I know cranberry sauce is considered a Thanksgiving food, to go with turkey; but in my family, the Thanksgiving menu and the Christmas menu are indistinguishable. So, if you got it wrong at Thanksgiving, after reading this article you’ll be able to get it right for Christmas.
If you have not read the above-mentioned article, in it Tamela Hancock Murray purports to know the correct way to serve cranberry sauce (the jellied kind that comes in a can). Everyone knows, she says, that “you must slice the cranberry sauce so it appears in rounds and then you serve it in an oblong dish.”
Wrong.
This is how you serve cranberry sauce:
In a green footed bowl used for no other purpose than serving cranberries. (Full disclosure: even though many years ago the bowl came to me filled with a floral arrangement, I knew at that moment that it was born to be a cranberry dish.) After opening the chilled can, shake the cranberry sauce into the dish without marring its cylindrical form. Allow guests to serve themselves with a sterling silver cranberry sauce slicer. (I know for sure this slicer was made specifically for cranberry sauce.
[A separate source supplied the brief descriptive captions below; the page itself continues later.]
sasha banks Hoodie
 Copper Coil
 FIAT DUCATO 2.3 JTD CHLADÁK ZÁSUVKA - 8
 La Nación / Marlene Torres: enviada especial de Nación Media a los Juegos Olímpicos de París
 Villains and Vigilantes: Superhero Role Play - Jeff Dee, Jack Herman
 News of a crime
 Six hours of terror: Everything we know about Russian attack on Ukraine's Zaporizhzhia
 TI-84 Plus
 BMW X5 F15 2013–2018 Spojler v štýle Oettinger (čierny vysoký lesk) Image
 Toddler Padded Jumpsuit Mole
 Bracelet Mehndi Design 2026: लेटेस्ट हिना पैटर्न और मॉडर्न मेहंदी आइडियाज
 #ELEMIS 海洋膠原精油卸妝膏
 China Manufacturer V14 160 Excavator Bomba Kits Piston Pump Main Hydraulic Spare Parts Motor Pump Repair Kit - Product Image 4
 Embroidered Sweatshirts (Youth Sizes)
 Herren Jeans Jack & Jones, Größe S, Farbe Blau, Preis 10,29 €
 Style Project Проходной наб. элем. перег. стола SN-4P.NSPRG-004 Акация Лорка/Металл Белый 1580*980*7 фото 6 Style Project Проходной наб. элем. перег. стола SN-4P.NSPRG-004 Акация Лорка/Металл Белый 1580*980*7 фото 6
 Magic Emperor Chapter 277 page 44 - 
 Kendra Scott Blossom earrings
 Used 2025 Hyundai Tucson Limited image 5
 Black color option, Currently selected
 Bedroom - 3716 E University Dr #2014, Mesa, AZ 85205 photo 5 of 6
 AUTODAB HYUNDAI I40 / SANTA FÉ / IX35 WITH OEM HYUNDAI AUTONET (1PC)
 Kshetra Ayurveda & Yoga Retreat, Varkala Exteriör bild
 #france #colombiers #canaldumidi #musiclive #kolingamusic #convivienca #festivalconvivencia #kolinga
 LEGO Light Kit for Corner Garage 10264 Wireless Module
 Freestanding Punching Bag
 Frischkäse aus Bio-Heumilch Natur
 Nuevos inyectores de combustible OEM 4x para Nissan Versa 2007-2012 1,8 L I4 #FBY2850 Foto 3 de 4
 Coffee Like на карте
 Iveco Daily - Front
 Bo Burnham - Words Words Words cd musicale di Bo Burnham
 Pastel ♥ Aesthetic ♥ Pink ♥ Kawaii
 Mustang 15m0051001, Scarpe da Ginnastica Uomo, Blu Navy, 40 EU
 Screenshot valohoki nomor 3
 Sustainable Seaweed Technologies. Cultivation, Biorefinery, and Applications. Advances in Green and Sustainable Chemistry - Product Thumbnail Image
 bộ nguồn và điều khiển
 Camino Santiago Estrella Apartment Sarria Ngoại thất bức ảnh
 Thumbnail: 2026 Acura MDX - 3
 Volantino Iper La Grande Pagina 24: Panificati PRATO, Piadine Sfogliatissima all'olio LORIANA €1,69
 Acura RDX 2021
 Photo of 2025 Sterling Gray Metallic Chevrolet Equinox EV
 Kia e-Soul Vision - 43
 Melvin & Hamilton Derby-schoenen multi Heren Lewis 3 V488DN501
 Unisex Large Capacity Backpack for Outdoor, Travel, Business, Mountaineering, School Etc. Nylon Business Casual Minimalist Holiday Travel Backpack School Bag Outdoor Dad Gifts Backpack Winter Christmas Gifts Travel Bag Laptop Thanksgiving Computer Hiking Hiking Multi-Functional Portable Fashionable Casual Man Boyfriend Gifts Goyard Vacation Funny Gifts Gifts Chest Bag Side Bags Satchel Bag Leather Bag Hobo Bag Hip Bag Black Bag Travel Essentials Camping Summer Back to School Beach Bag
It has a circle of cranberries etched into the surface. It was my mother-in-law’s. I gave it to her, and it reverted back to me when she passed away.)
Some of you are undoubtedly dying to tell me that jellied cranberry sauce from a can is far inferior to the other kind. Don’t tell me—tell my husband. It’s what his mother always served. Old traditions die hard.
I have tasted the whole-berry kind, and I love it. I have even made it from scratch, and it was heavenly. I even tried serving it in alternating years.
The only problem with that arrangement is, no one else in my family will eat it. So canned jellied cranberry sauce it is. It’s the only way.